Therapeutic implications:
The antibody's novel mechanism of action affects microglial cell function broadly, offering potential advantages in addressing Alzheimer's disease through a different pathway than existing therapies .

How are machine learning methods transforming antibody research and development?

Machine learning is revolutionizing antibody research:

Active learning for antibody-antigen binding prediction:
Recent research has developed active learning strategies for antibody-antigen binding prediction in library-on-library settings. These approaches address the challenge of out-of-distribution prediction, where models must predict interactions for antibodies and antigens not represented in training data .

Methodology and results:

• Starting with a small labeled dataset and iteratively expanding it

• Evaluating fourteen novel active learning strategies

• Identifying three algorithms that significantly outperformed random sampling

• Achieving reduction in required antigen-antibody measurements for accurate prediction

Future implications:
These computational approaches could substantially reduce experimental costs and accelerate antibody development by focusing experimental resources on the most informative measurements .

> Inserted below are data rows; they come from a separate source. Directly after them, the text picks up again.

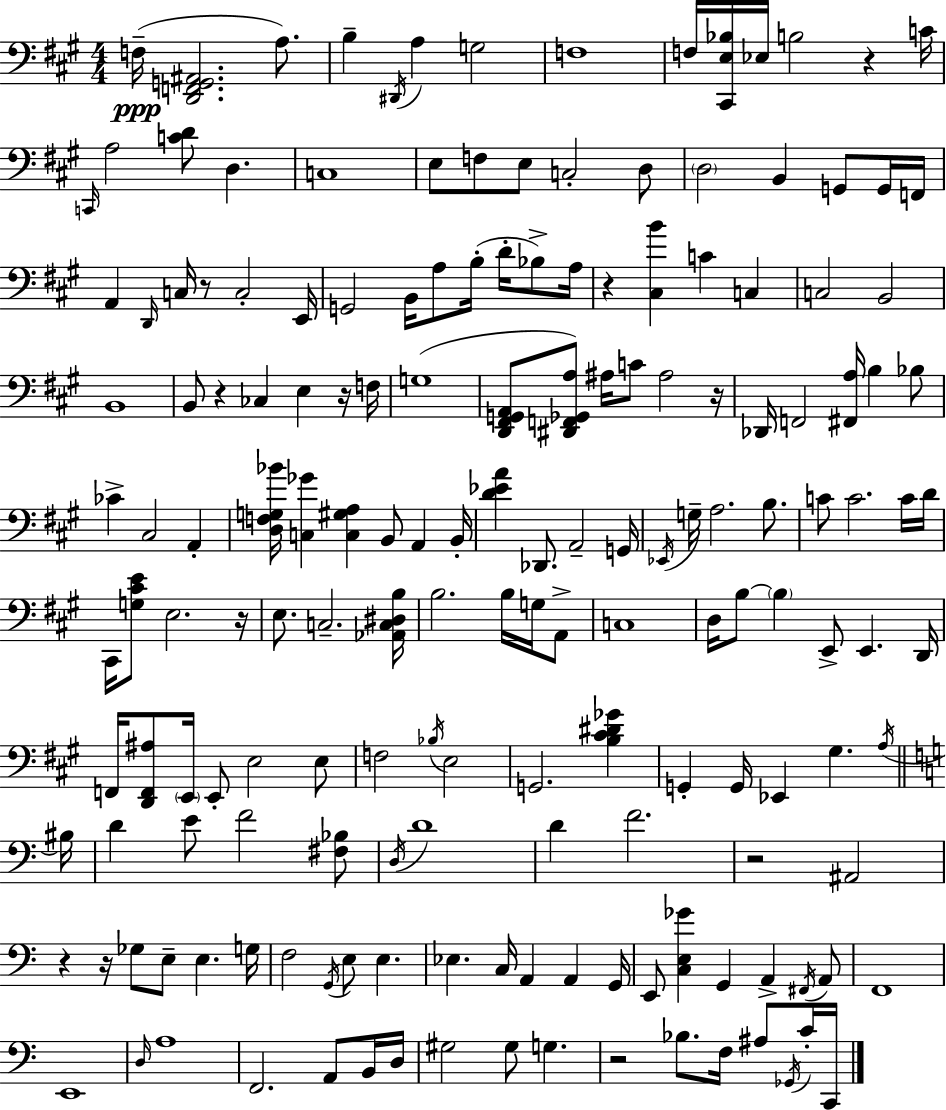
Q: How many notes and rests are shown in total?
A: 172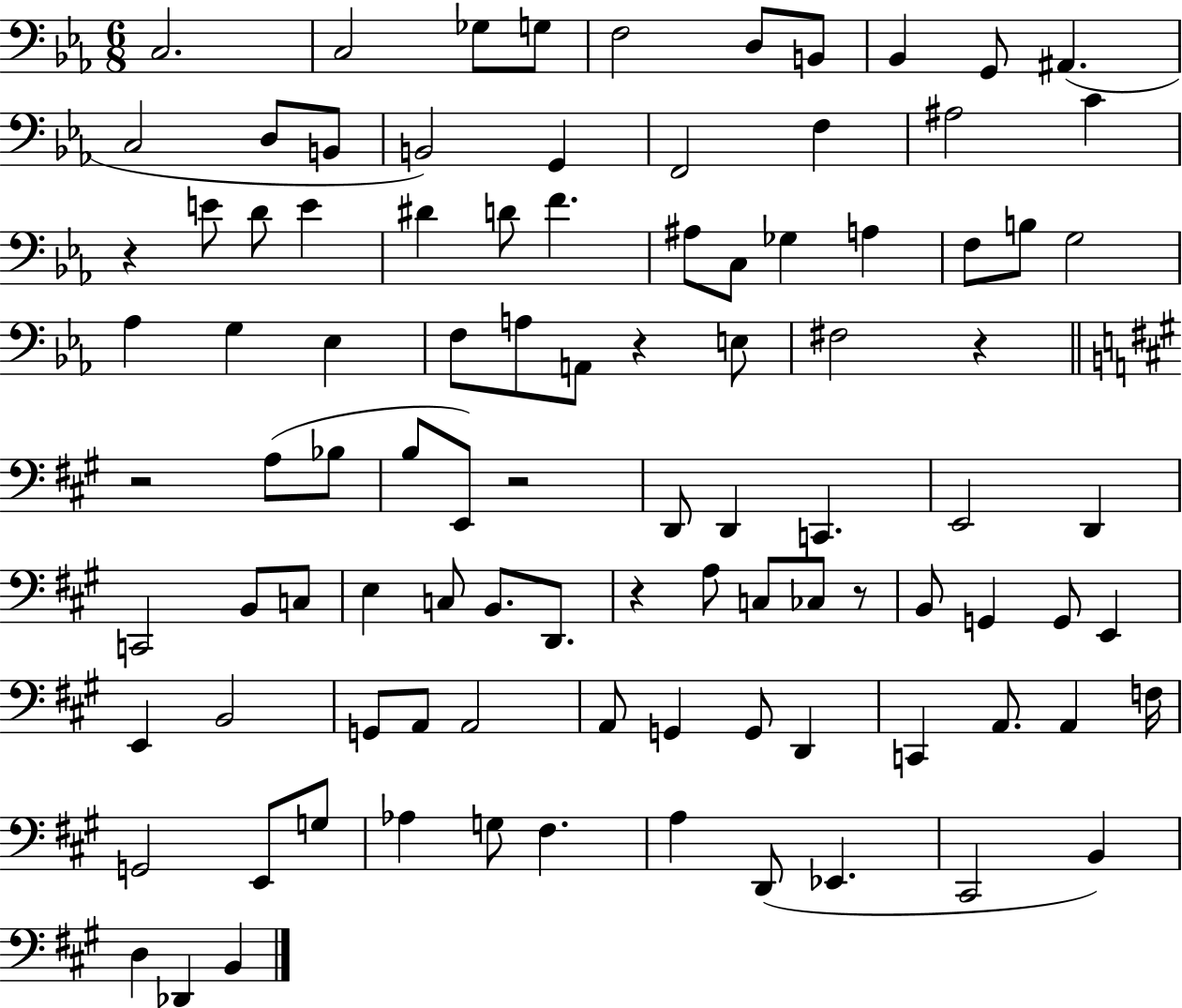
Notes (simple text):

C3/h. C3/h Gb3/e G3/e F3/h D3/e B2/e Bb2/q G2/e A#2/q. C3/h D3/e B2/e B2/h G2/q F2/h F3/q A#3/h C4/q R/q E4/e D4/e E4/q D#4/q D4/e F4/q. A#3/e C3/e Gb3/q A3/q F3/e B3/e G3/h Ab3/q G3/q Eb3/q F3/e A3/e A2/e R/q E3/e F#3/h R/q R/h A3/e Bb3/e B3/e E2/e R/h D2/e D2/q C2/q. E2/h D2/q C2/h B2/e C3/e E3/q C3/e B2/e. D2/e. R/q A3/e C3/e CES3/e R/e B2/e G2/q G2/e E2/q E2/q B2/h G2/e A2/e A2/h A2/e G2/q G2/e D2/q C2/q A2/e. A2/q F3/s G2/h E2/e G3/e Ab3/q G3/e F#3/q. A3/q D2/e Eb2/q. C#2/h B2/q D3/q Db2/q B2/q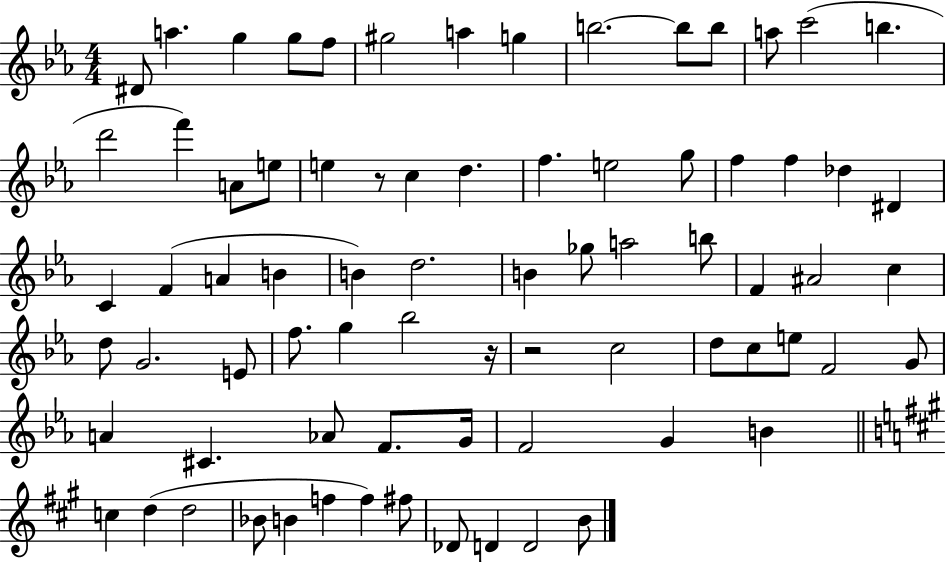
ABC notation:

X:1
T:Untitled
M:4/4
L:1/4
K:Eb
^D/2 a g g/2 f/2 ^g2 a g b2 b/2 b/2 a/2 c'2 b d'2 f' A/2 e/2 e z/2 c d f e2 g/2 f f _d ^D C F A B B d2 B _g/2 a2 b/2 F ^A2 c d/2 G2 E/2 f/2 g _b2 z/4 z2 c2 d/2 c/2 e/2 F2 G/2 A ^C _A/2 F/2 G/4 F2 G B c d d2 _B/2 B f f ^f/2 _D/2 D D2 B/2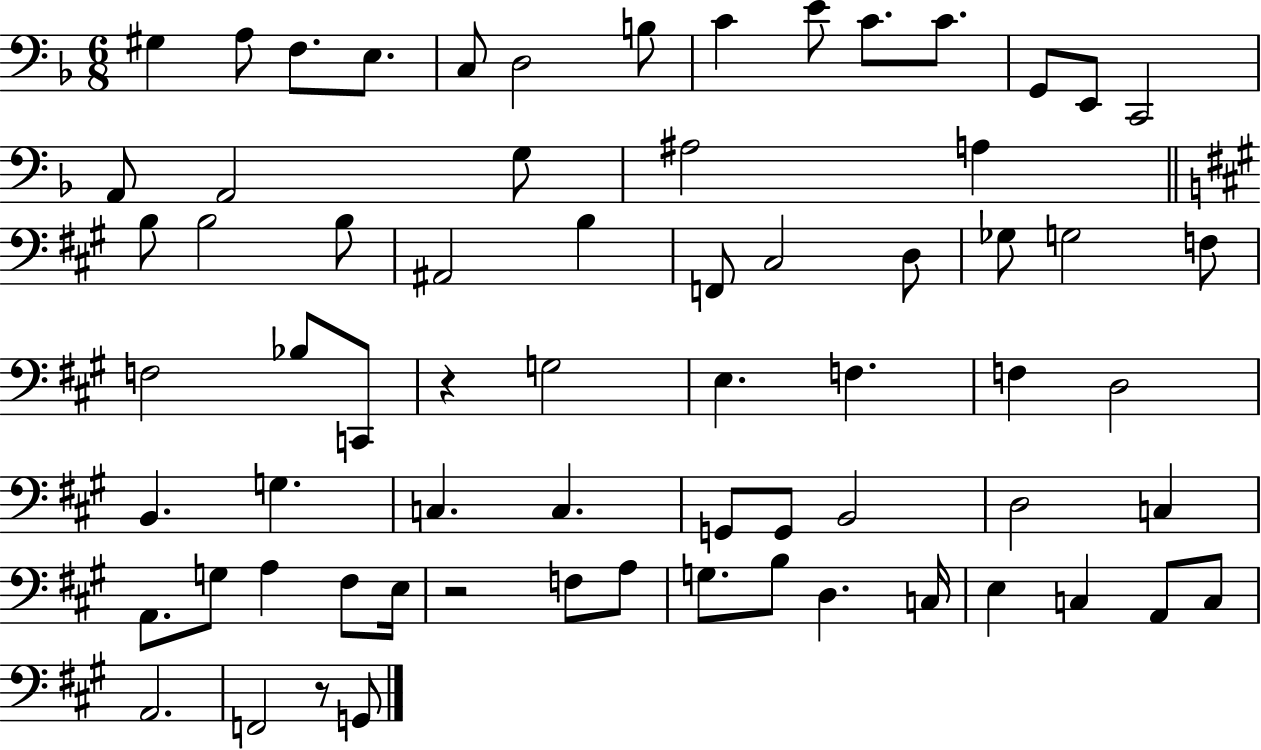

What are the key considerations for selecting antibodies for reproducible research?

For reproducible antibody-based research:

• Validation status: Select antibodies with comprehensive validation data in the specific application and sample type of interest

• Reporting standards: Document complete antibody information:

  • Catalog number and vendor

  • Clone ID for monoclonals

  • Host species and isotype

  • Target protein and species reactivity

  • RRID (Research Resource Identifier)

• Protocol standardization: Maintain detailed records of:

  • Dilution factors and incubation conditions

  • Sample preparation methods

  • Detection systems and reagents

  • Control samples used

• Independent validation: Confirm key findings with:

  • Alternative antibodies targeting the same protein

  • Complementary techniques

  • Genetic approaches (knockout/knockdown)

These practices are essential for addressing the reproducibility challenges in antibody-based research and ensuring scientific rigor.